Video Transcript
A string has a force constant of
53.0 newtons per meter. An object, initially at rest, with
a mass of 0.960 kilograms is suspended from it. The object descends, stretching the
spring, oscillates, and then comes to rest. How much is the spring stretched
when the object has come to rest after oscillating? Calculate the decrease in the
gravitational potential energy of the object between its position at the point at
which it is attached to the unextended spring and its position at the point at which
it comes to rest after oscillating. Calculate the energy stored in the
spring by its extension.
In this three-part exercise, we
first wanna solve for the displacement of the spring after the mass has been hung on
it and comes to rest. Next, we want to solve for the
change in gravitational potential energy of the mass between the two points from
which it is hung on the unextended spring and the point at which it comes to
rest. And finally, we wanna calculate the
energy stored in the spring by its extension. We’ll call this PE sub 𝑠.
In this scenario, we start off with
a vertically oriented spring at its natural, or equilibrium, length. The spring, we’re told, has spring
constant 𝑘 of 53.0 newtons per meter. Then, we take a mass, we’ve called
it 𝑚, of value 0.960 kilograms and attach it to the free end of the spring. In response to this, the spring
stretches, oscillates, and then comes to rest at a displacement we’ve called Δ𝑥
from its original position.
To solve for Δ𝑥, let’s start by
considering the forces that are acting on the mass 𝑚. When the mass has come to rest
after oscillating on the end of the spring, we know that the gravitational force
acting on the mass is equal in magnitude to the spring force on the mass. So, we can write 𝑚 times 𝑔 is
equal to the spring constant 𝑘 times Δ𝑥. Rearranging this expression, we see
that Δ𝑥 is equal to 𝑚 times 𝑔 over 𝑘, where 𝑔 we’ll treat as exactly 9.8 meters
per second squared.
Plugging in for these three values,
when we calculate Δ𝑥, we find that, to three significant figures, it’s 17.8
centimeters. That’s the amount the spring is
stretched because of the mass 𝑚. Now, let’s move on to solving for
the change in gravitational potential energy of the mass 𝑚 over this
displacement.
Recalling that, in general,
gravitational potential energy is equal to an object’s mass times the acceleration
due to gravity times its height relative to some reference level. Since we’re calculating the change
in gravitational potential energy of the mass, we can write that it’s equal to 𝑚
times 𝑔 times Δ𝑥. No negative sign needed.

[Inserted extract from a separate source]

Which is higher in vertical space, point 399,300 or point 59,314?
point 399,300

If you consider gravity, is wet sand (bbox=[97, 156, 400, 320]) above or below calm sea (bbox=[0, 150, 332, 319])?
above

When we plug in for these three
values, being careful to write our displacement Δ𝑥 in units of meters, we find that
ΔPE sub 𝑔 is 1.67 joules. That’s the change in the mass’
gravitational potential energy. Finally, we want to solve for the
potential energy stored up in the spring as result of this extension.
We recall that in general that
potential energy is equal to half a spring‘s constant multiplied by its displacement
from equilibrium squared. So, we can write that PE sub 𝑠 is
equal to one-half 𝑘 times Δ𝑥 squared, where 𝑘 the spring constant is known and
Δ𝑥 we solved for earlier. Substituting in for these values
using a distance in meters for our displacement Δ𝑥, we find that PE sub 𝑠 is 0.835
joules. That’s how much potential energy
the spring has gained by virtue of being extended.
We may wonder why the spring
potential energy is not equal to the change in gravitational potential energy. Recall that, before coming to rest,
our mass 𝑚 oscillated up and down on the spring. During that up-and-down motion, it
lost energy through friction with the air as well as through the spring. That helps account for the
difference between these two values.